憲法

幸福追求権(包括的基本権)

今回は、憲法13条後段の幸福追求権(包括的基本権)について解説します。

ここも行政書士試験ではよく出題されていますので、しっかりと理解しておく必要があります。



幸福追求権

日本国憲法は、14条以下において、詳細な人権規定を置いています。

しかし、それらの人権規定は、歴史的に国家権力によって侵害されることの多かった重要な権利・自由を列挙したものであって、すべての人権を網羅的に掲げたものではありません。

社会の変化に伴って、憲法が作られた当時では考えられなかったような人権侵害が生じるようになりました。

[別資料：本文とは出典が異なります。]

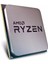 Ryzen 5 5600X 3.7 Ghz Soket Am4 32 MB Cache 65 W Işlemci Tray 1
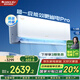 格力（GREE）空調(diào)【國家補(bǔ)貼】天儀/云佳1.5匹 新1級(jí)能效 變頻冷暖 凈菌自清潔 舒適靜音節(jié)能省電 臥室空調(diào)掛機(jī) 1.5匹 一級(jí)能效 云佳Pro 新品首發(fā) 掛式空調(diào) 格力空調(diào)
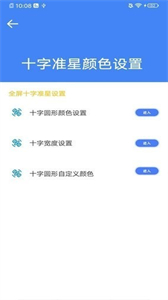 准星大师瞄准器图3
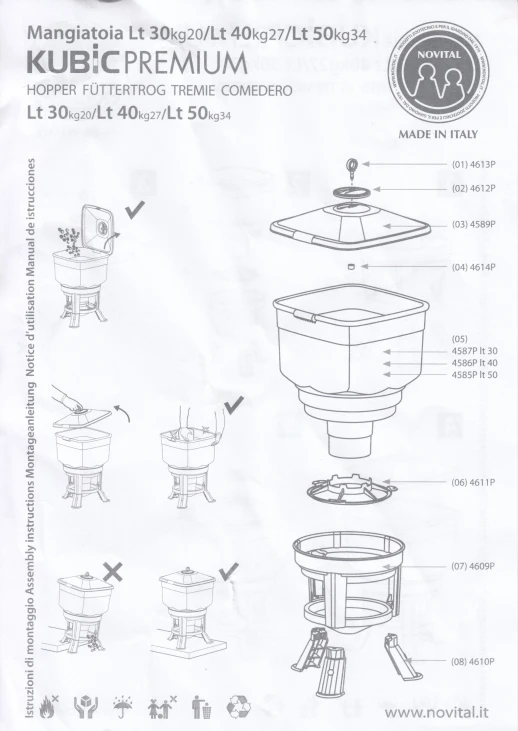 Кормушка бункерная Novital Kubic Premium 27 кг.
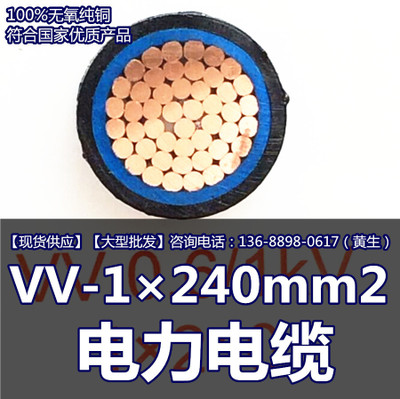 通宝电缆 VV 1×240mm2 电力电缆 东莞通宝电线电缆 通宝电线厂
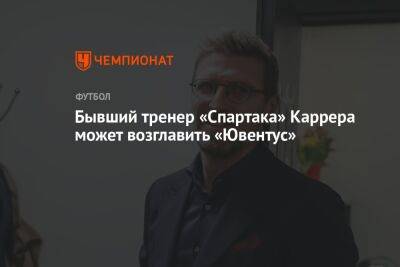 Бывший тренер «Спартака» Каррера может возглавить «Ювентус»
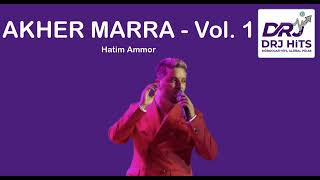 AKHER MARRA - Hatim Ammor - Vol. 1 (DRJ Hits Version)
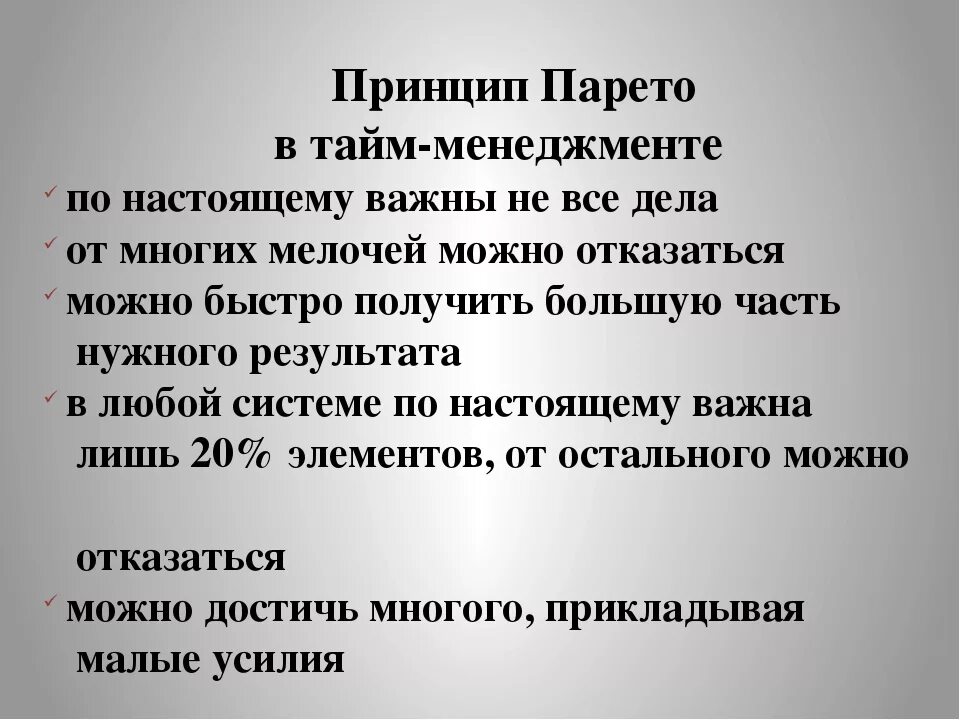 Ответы на тесты принципы тайм. Принципы тайм менеджмента. Метод Парето тайм менеджмент. Правило Парето. Принцип Парето 80/20 тайм менеджмент.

そこで、14条以下に列挙されていない人権でも「自律的な個人が人格的に生存するために不可欠と考えられる基本的な権利・自由」として保障するに値すると考えられるに至った法的利益は、新しい人権として憲法上保障される人権の1つだと考えられるようになりました。

その根拠となるのが憲法13条後段の「生命、自由及び幸福追求に対する国民の権利」(幸福追求権)です。

憲法13条後段の個人の尊重原理に基づく幸福追求権は、憲法に列挙されていない新しい人権の根拠となる一般的かつ包括的な権利であり、この幸福追求権によって基礎付けられる個々の権利は、裁判上の救済を受けることができる具体的権利であると考えられています。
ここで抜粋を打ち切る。